I quickly realized that support for larger audio files was going to be important for my use case. I also wanted to try GPT-4's hand at generating meeting notes for the transcripts.

Adding Support for Larger Files🔗︎

By default, Whisper supports files up to 25MB in size. I've found that 40 minutes is a good cutoff to stay under this limit when using the voice memos app in iOS. OpenAI has some guidance for Longer inputs. They recommend PyDub to chunk the audio.(1) They also recommend Prompting Whisper:

ffmpeg is a dependency for PyDub

To preserve the context of a file that was split into segments, you can prompt the model with the transcript of the preceding segment.

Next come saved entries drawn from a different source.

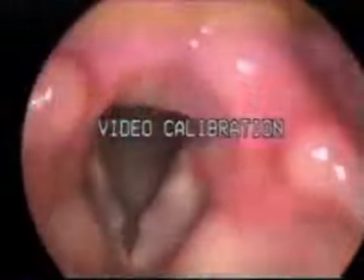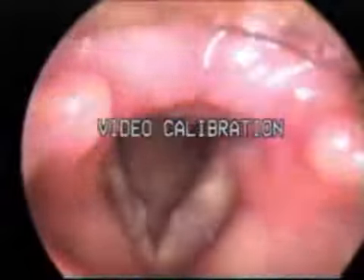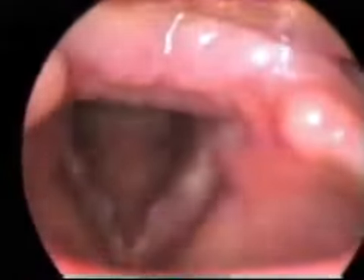Eeeeee. Good. Do that again. Eeeeee. Good. Now go ee, ee, ee. Okay. I'm going to try to change pitch. Eeeeee. I'm going to have to scale. Eeeeee. All right. Another long eeeeee. Eeeeee. Eeeeee. Do that again like that.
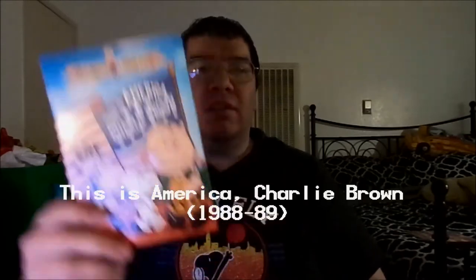Hey folks, Joseph A. Sabora here, and I decided to do something different because today is the 4th of July, Independence Day. Celebrating the American holiday, I decided to do a DVD review of the mini-series This is America, Charlie Brown.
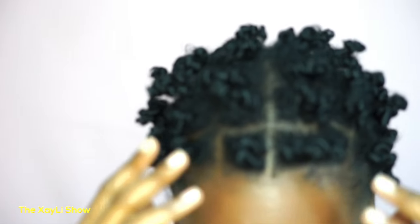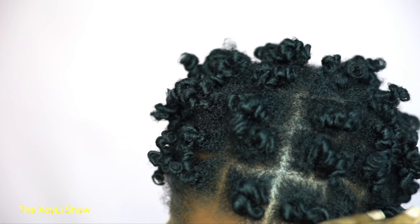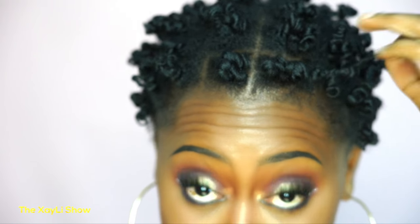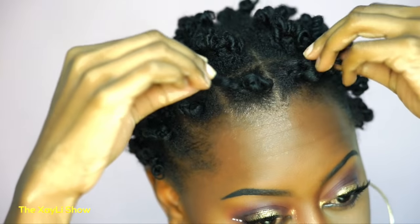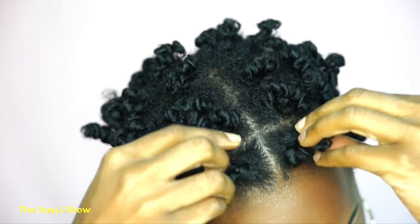Now that I've pulled them out, I want you guys to see the definition — it's totally insane. My next step would be to take a pick and start going in, so I'm about to do that right now.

Here's what I added for larger file support

from pydub import AudioSegment
from pydub.utils import make_chunks

# Takes a chunk duration in minutes, and a file as arguments.
# Saves chunks to the working directory, and returns a list of filenames.
def chunk_audio(chunk_mins, file):
    print("Chunking audio...")

    chunks_out = []

    audio = AudioSegment.from_file(file)
    chunk_size = chunk_mins * 60 * 1000
    chunks = make_chunks(audio, chunk_size)
    for i, chunk in enumerate(chunks):
        audio_out = f'{i}.mp3'
        chunk.export(audio_out, format='mp3')
        chunks_out.append(audio_out)

    print(f"Chunked into {len(chunks_out)} files...")
    return(chunks_out)

if __name__ == "__main__":

    for file in audio_files:

        chunks = chunk_audio(40, file)
        transcripts = ['']

        # Transcribe chunks with preceding chunk transcript as a prompt
        for chunk in chunks:
            transcript = transcribe_audio(file=chunk, prompt=transcripts[-1])
            transcripts.append(transcript)

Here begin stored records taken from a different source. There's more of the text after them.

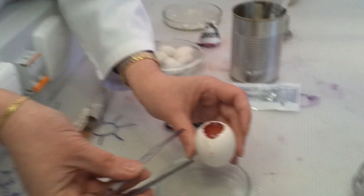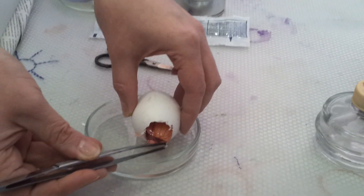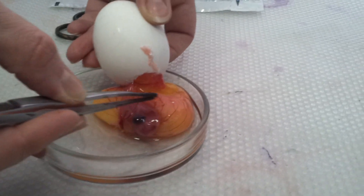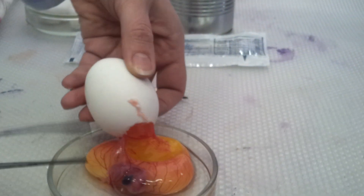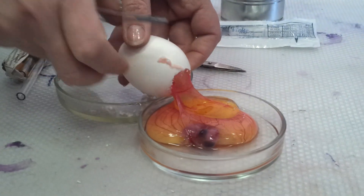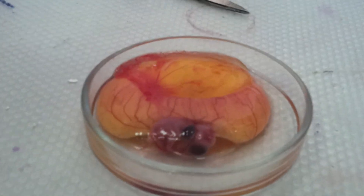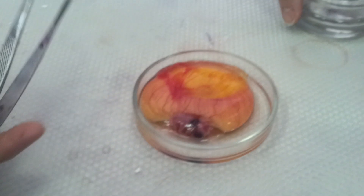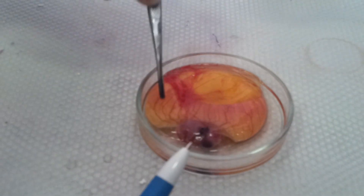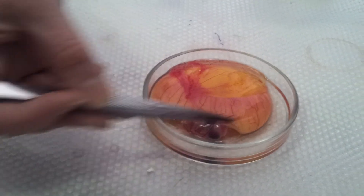Now I'll put it over here. You will pay attention to the cavities. You see the membrane? This is the yolk sac. Over here is the amniotic cavity and the body inside, with a very large eye. I'll put it carefully so as not to break the cavities. The allantoic cavity is destroyed — that's why the fluid is now in the petri dish. Over here is the yolk sac.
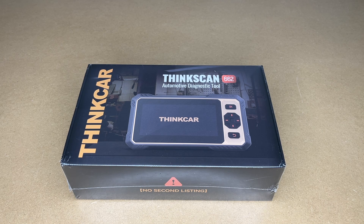Welcome. In this video, I'm going to be taking a look at the ThinkCar ThinkScan 662 OBD2 scanner. This was provided to me by the distributor, but they're not compensating me for this video, and they're not reviewing it before I post it. If you find this video helpful and want to purchase one, I'll put a link in the description, and if you use that link, it helps me out a little bit and doesn't cost anything extra.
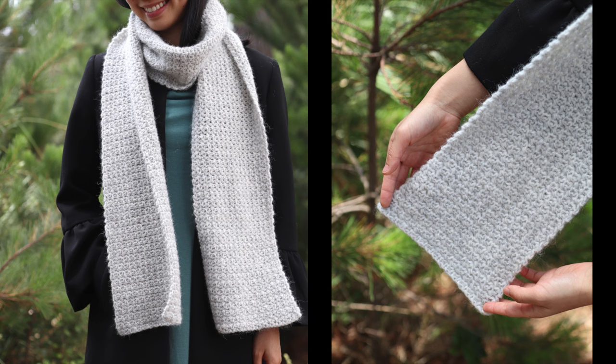Hi everyone. Today I'm going to show you how to make this simple crochet scarf. It's a great pattern for beginners and the written pattern is available for free on my blog. The link is in the description bar.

I also had to update my runner to install ffmpeg with this. Now the steps are:

steps:
  - name: Checkout
    uses: actions/checkout@v4
  - name: Setup ffmpeg
    uses: FedericoCarboni/setup-ffmpeg@v3
  - name: Setup Python
    uses: actions/setup-python@v5

Use GPT-4 for meeting minutes🔗︎

Now that we have the full text for audio files of any size, we can use GPT-4 to summarize the content. Doing so was remarkably trivial. I followed this tutorial almost verbatim, and added three lines of Python to main.py

from meeting_notes import meeting_minutes
with open(out_txt, "r") as full_transcript:
     notes = meeting_minutes(full_transcript.read())

Cost🔗︎

My use of Dropbox and GitHub fall well within the free tiers. The spend in ChatGPT is quite low for what you get. Especially when you consider the sheer compute it takes to do the job: Transcribe, then Summarize. Here's where my January bill stands:

26,600 transcribed seconds: $2.90
274,600 tokens: $3.00

Something else you'll quickly hit when using the APIs for anything other than trivial tasks, is Usage limits. Luckily, the ceiling for Tier 2 is quite high, and you can simply purchase $50 in API credits to unlock it.